§ Problem:
Output the data below only from the line containing "interior space featuring" up to and including the line containing "a view of a house with a yard and a tree", exact and with the pictures left out.

§ Extracted information:

Segment Open

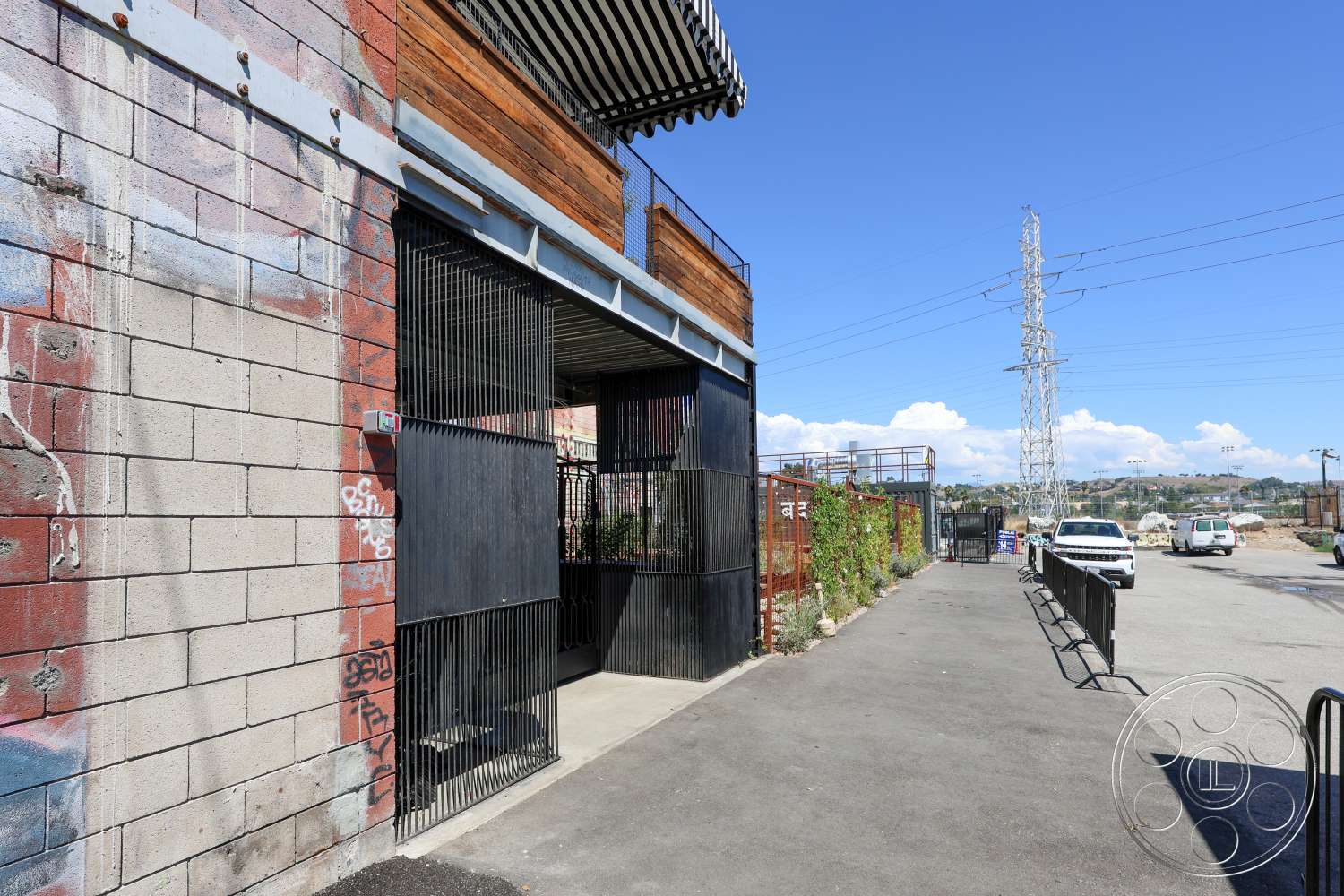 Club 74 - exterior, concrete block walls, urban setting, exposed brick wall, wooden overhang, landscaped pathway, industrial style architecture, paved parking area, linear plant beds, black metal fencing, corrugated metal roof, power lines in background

Segment Closed
Segment Open

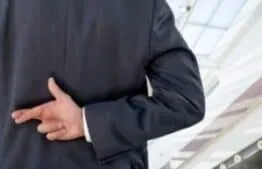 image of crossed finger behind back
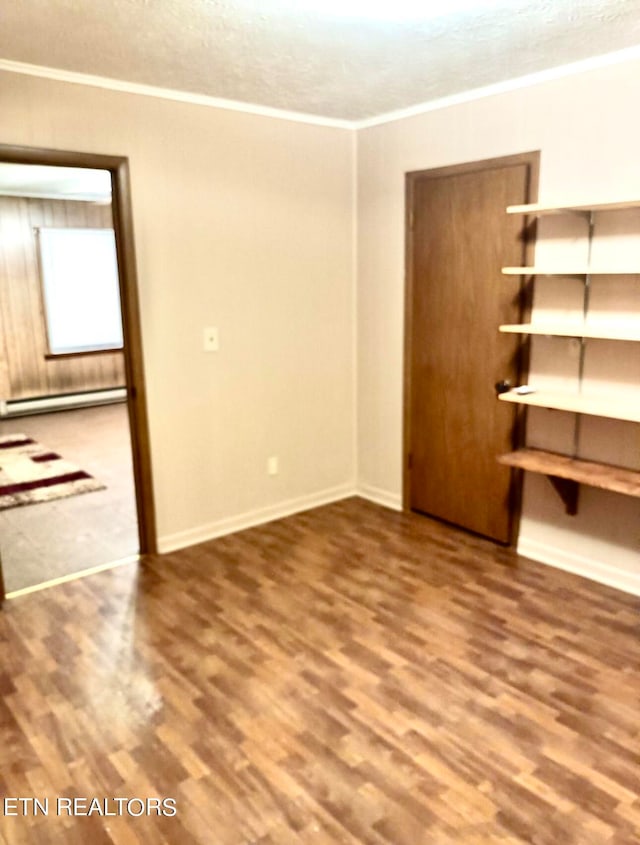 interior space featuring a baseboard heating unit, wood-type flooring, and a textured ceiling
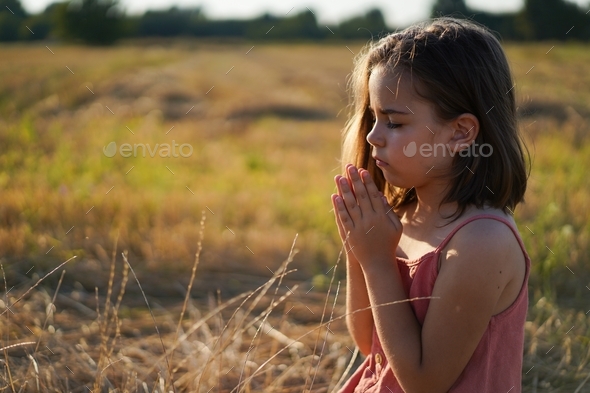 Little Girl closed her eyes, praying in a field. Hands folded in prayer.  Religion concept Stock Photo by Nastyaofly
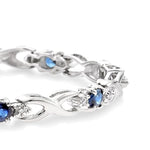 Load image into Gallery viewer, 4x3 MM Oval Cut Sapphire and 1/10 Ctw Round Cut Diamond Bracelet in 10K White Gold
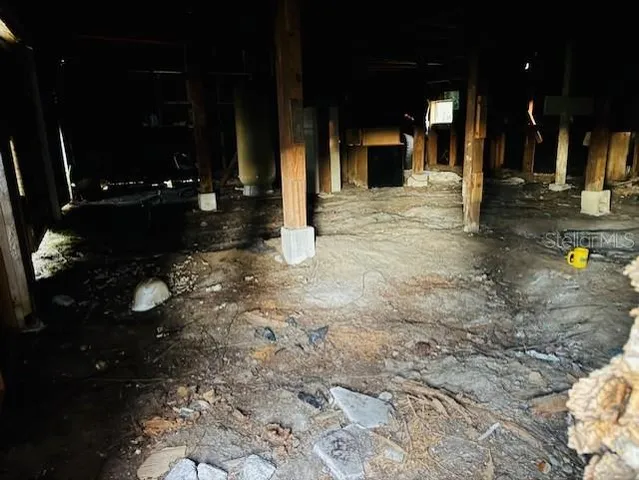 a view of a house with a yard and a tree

Segment Closed
Segment Open

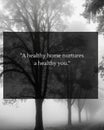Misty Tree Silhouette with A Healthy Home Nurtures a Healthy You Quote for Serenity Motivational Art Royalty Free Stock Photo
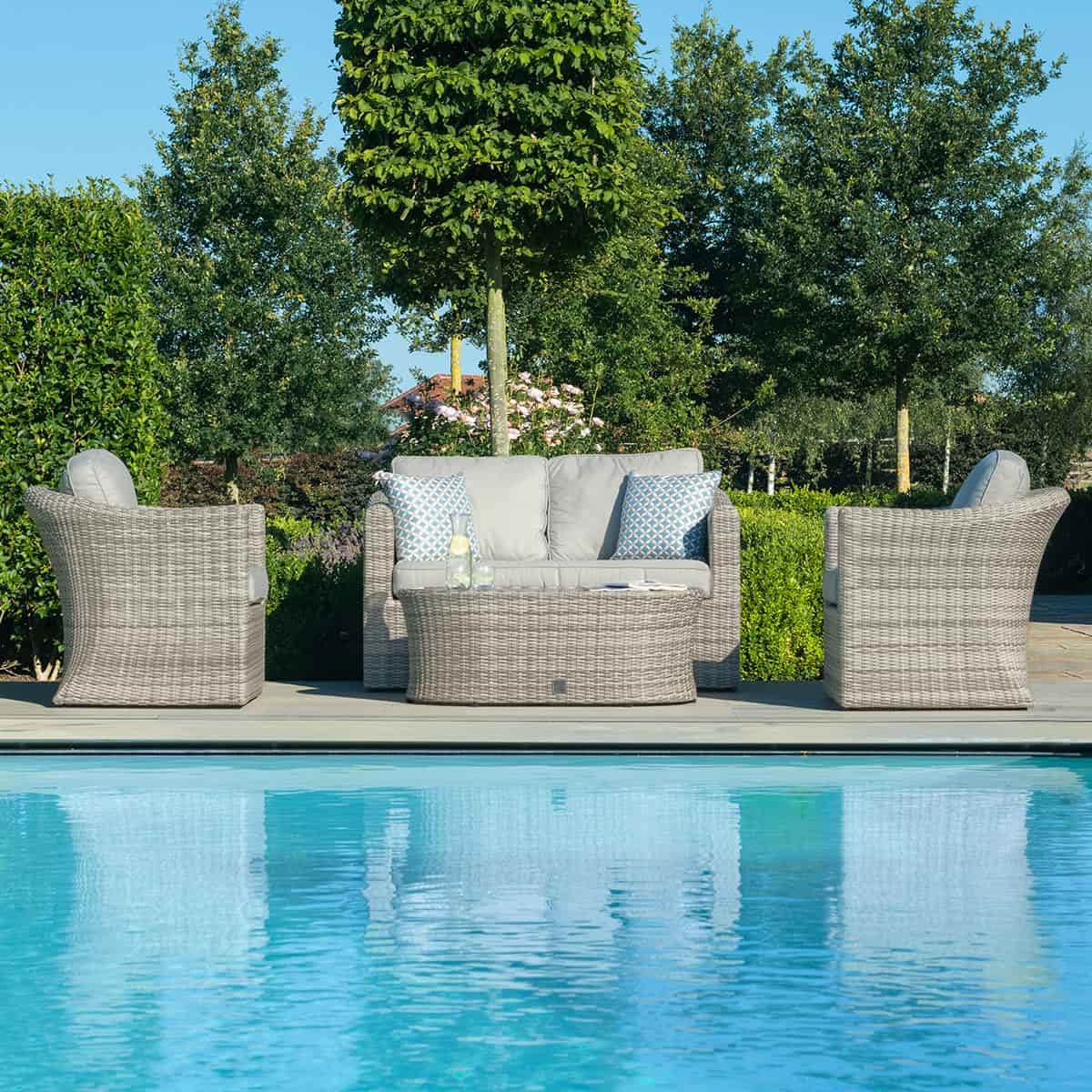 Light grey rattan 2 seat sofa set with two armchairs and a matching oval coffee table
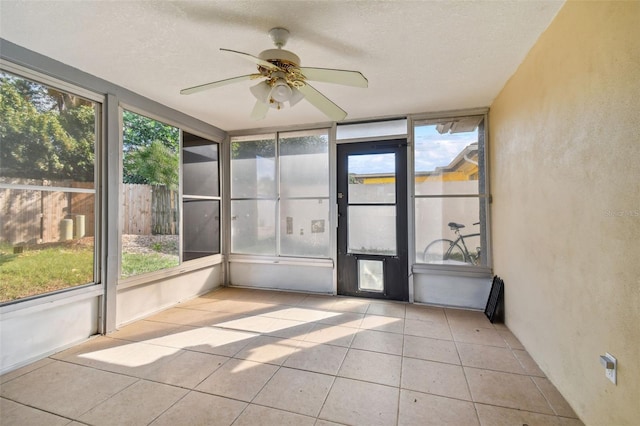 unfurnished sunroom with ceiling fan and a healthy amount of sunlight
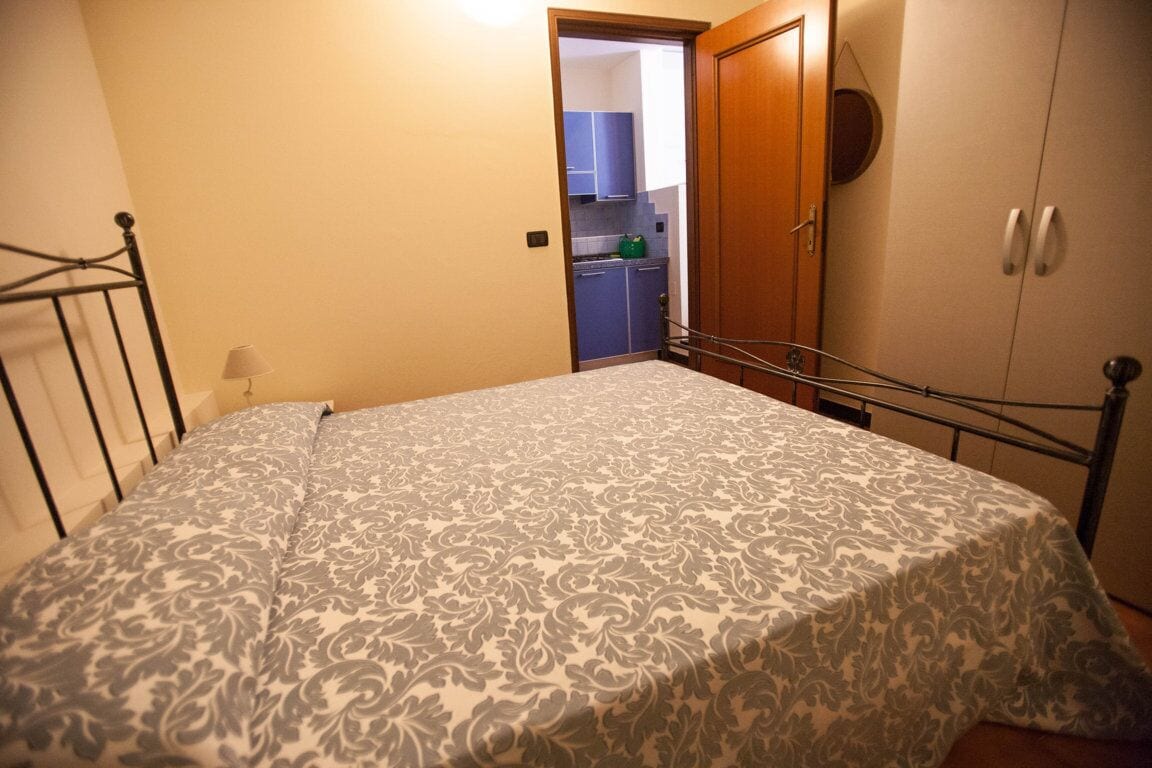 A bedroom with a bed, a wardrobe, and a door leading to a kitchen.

Segment Closed

§ Answer to this problem:
 interior space featuring a baseboard heating unit, wood-type flooring, and a textured ceiling
 Little Girl closed her eyes, praying in a field. Hands folded in prayer.  Religion concept Stock Photo by Nastyaofly
 Load image into Gallery viewer, 4x3 MM Oval Cut Sapphire and 1/10 Ctw Round Cut Diamond Bracelet in 10K White Gold
 a view of a house with a yard and a tree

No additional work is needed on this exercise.